Generally. I most like screening , and here are the reasons:
He has a very predictable execution time. Moreover, this algorithm can be easily used in multi-threaded mode. Those. split the array into parts and run each part in a separate thread:
for (int i = minIndexThread; i < maxIndexThread; i++)
sieve[values[i] / size] |= (one << (values[i] % size));
The only thing you need is lock when writing sieve [values [i] / size] . And one more thing - the algorithm is ideal for unloading data from the database.
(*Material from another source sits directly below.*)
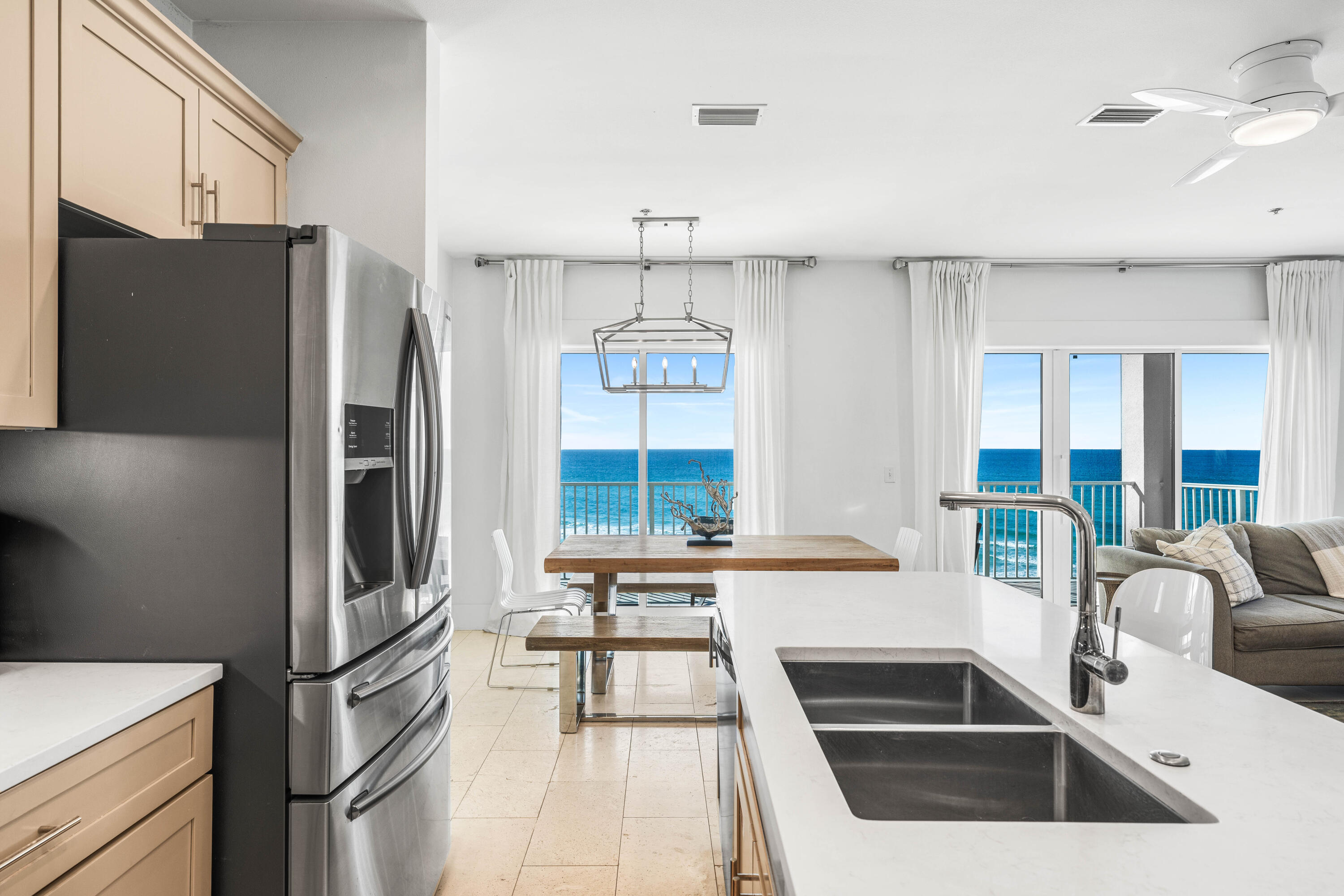 EMERALD SURF VILLAS - Residential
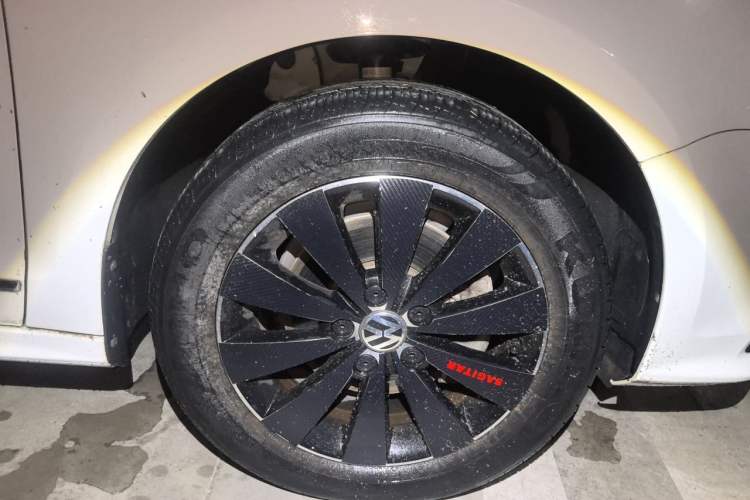 Used Volkswagen Sagitar 2017 230TSI Automatic Comfort Version Right Front Wheel Hub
You can load in packs of 1000 pieces, for example, in each stream and it will still work.
But if we have a severe memory shortage, then MEX sorting clearly looks better.
PS
I started my story with a competition for OZON in which I tried to participate, making a "preliminary version" of the sifting algorithm, I never received a prize for it, OZON considered it unsatisfactory ... For what reasons - he never confessed ... And the winner's code I haven't seen either. Can anyone have any ideas on how to solve the MEX search problem better?